The European Union’s new General Data Protection Regulation (GDPR), which creates a comprehensive regulatory regime for handling the personal information of EU citizens, came into force on May 25, 2018.
It has extensive extraterritorial reach.
“Any company, wherever it is in the world, that offers products or services in the EU and whether it has a physical establishment there or not, must comply with the GDPR regarding the processing of personal information,” says Chantal Bernier of Ottawa, Canada’s interim privacy commissioner from 2013 to 2014, and now counsel at Dentons Canada LLP. “The GDPR also applies to any organization wherever located that monitors the behaviour of EU residents.”
Factor in the broad sweep of the GDPR to its wide jurisdictional ambit and it’s not hard to see why Canadian and other foreign companies are concerned.
“Canadian legislation speaks of the collection, use, disclosure and retention of personal information,” Bernier says. “The GDPR goes further, bringing all of this under the umbrella of ‘processing’, which means that any contact with personal data comes under the GDPR.”
That’s particularly important in the case of companies which not only collect personal information that users themselves put on sites, but also amass data about users and non-users by way of onsite and offsite tracking mechanisms, including cookies, pixels and social plug-ins embedded on third party websites. Indeed, the data processing regime is of significance not only to web giants like Facebook or Google, but to any company involved in “ad tech,” which refers to different types of analytics and digital tools used in online advertising.
“Essentially, the GDPR can be read as applying not only to advertisers collecting personal information but to anyone providing the tools and intermediaries that facilitate the collection of this type of information,” says Éloïse Gratton, a partner in Borden Ladner Gervais LLP’s Montréal and Toronto offices.
Indeed, even companies that don’t face the EU on the client or customer side may find themselves dealing with the GDPR. “Very locally focused organizations who have service providers from the EU are suddenly being confronted with requests to update agreements or clauses so they comply with the GDPR,” says Ryan Berger in Norton Rose Fulbright Canada LLP’s Vancouver office.
What’s not quite clear, however, is just what amounts to “personal information” under the GDPR.
“The GDPR explicitly states that any ‘identifier’ collected when an individual visits a website constitutes personal information,” says David Young of David Young Law in Toronto.
While that’s broad enough to embrace IP addresses, for example, the addresses in isolation cannot be used to track or identify particular individuals.

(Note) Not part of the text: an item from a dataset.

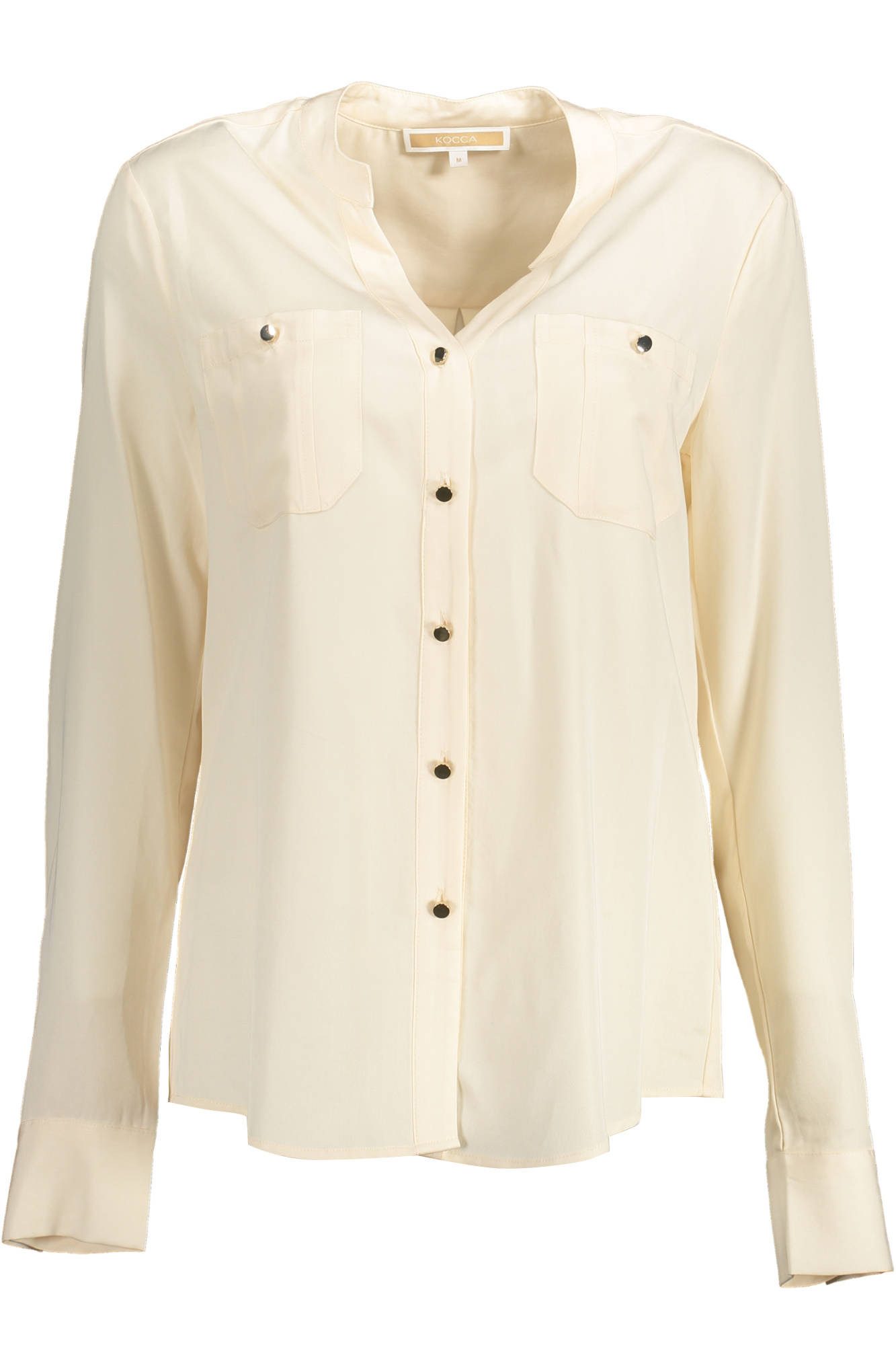 Kocca Blusenshirt Elegantes weißes Damen Langarmhemd mit Stehkragen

For that reason, while both Canadian and American regulators have acknowledged that IP addresses can constitute personal information, they have given companies collecting them a pass.
“The thinking is that if the individual can’t be tracked or identified from the data, it’s no problem because it’s anonymized,” Young explains. “So right now there’s a major focus in the ad tech industry on anonymizing data.”
But even anonymization is a complex issue. “The difficulty is that IP addresses can be paired with other databases to reveal something about an individual that will identify them,” Young says. “Data brokers hold such massive databases on everyone that even if you only provide them with a needle, they can find it in the haystack.”
GDPR compliance and non-compliance, then, appear to be moving targets. “What’s most challenging for Canadian companies is the lack of guidance on the GDPR’s extraterritorial reach,” Gratton says. “Not even the European lawyers who are heavily engaged with the Regulation know exactly how it will be enforced.”
Lurking in the background is the question of whether Canadian privacy law meets GDPR standards.
“Canada is one of 11 countries that has ‘adequacy’ status, meaning that the European Commission has formally recognized that we offer ‘equivalent’ protection for privacy,” Bernier says. “The legal consequence is that European companies can transfer personal data to Canadian companies without further authorization.”
Canada has enjoyed “adequacy” status since 2001. But the GDPR’s adequacy provisions makes the criteria clearer and requires a review of adequacy every four years, witht he next one coming in 2022.